Students at Fort St. James Secondary School (FSJSS) have invented an innovative way to address stigma on mental health.

Students at Fort St. James Secondary School (FSJSS) have invented an innovative way to address stigma on mental health.

The Social Networking App for Resilience, or SONAR, is an interactive website and app meant to engage young people to learn more about depression, anxiety, substance abuse or any other mental health problems. The idea came into fruition last year after an UNBC practicum student visited FSJSS and organized a group to study mental health. Thus the SONAR team was born.

“We want to change the views Fort St. James youth have on mental health,” Raylene Erickson, 17, said, lead SONAR member.

In Canada approximately one in four youth experience mental health. In Fort St. James, more than half the youth who completed a recent SONAR survey met the criteria of having significant mental health problems. Over the past year, ten youth collaborators from the community worked closely to determine the main issues affecting Fort St. James youth. They concluded the three top reasons are substance abuse, racism and bullying. They also found a lack of opportunity for peers and adults to connect in meaningful ways.

“The SONAR website is intended to facilitate youth engagement and participation in the community.
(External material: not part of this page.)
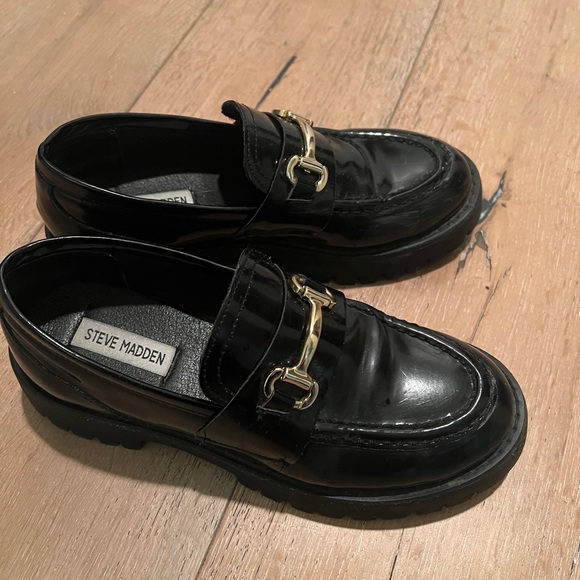 Steve Madden Loafers - Picture 4 of 4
With SONAR people can log on and find out what’s happening in the community, positive places to hang out and it even has a calendar of upcoming events,” Jhenipher Bridgeman said, SONAR teacher liaison and at-risk youth worker at FSJSS.

This past January, Erickson and Bridgeman attended the Balancing Our Minds Youth Summit in Vancouver after SONAR was nominated for the Every Day Champion of Wellness Award. Although the group did not win, the two ladies brought back with them many ways to engage the community further.

“At the summit we learned about laughter, yoga, mindfulness, Mind Check and, heard so many stories of how other youth have taken away the stigma in their communities,” Erickson said.

The SONAR group hopes to use MindCheck, an educational website on mental health, to get more people involved. The website hosts a curriculum that SONAR will use in classrooms, called Stop Wondering Start Knowing. It hosts three sessions – What is Mental Health, Talk and Take Action and Recognizing Mental Health Challenges and Achieve Mental Awareness.

“Our goal is to essentially start with adults teaching the class but then eventually have students teach. It will be much more affective coming from peers,” Kaylee Walstrom, 16, SONAR member, said.

With help from grant writer Shauna Hesse, SONAR is hopeful to receive funding and together with the Theatre Northwest Music Makers and Nechako Valley Arts Council, put on a play with a mental health focus. It will be a theatre production for the community to see and will possibly travel to other schools, Bridgeman said.

“Moving forward we will also be doing an assembly to let everyone know about these resources and will be creating a mental health board in the school,” she said.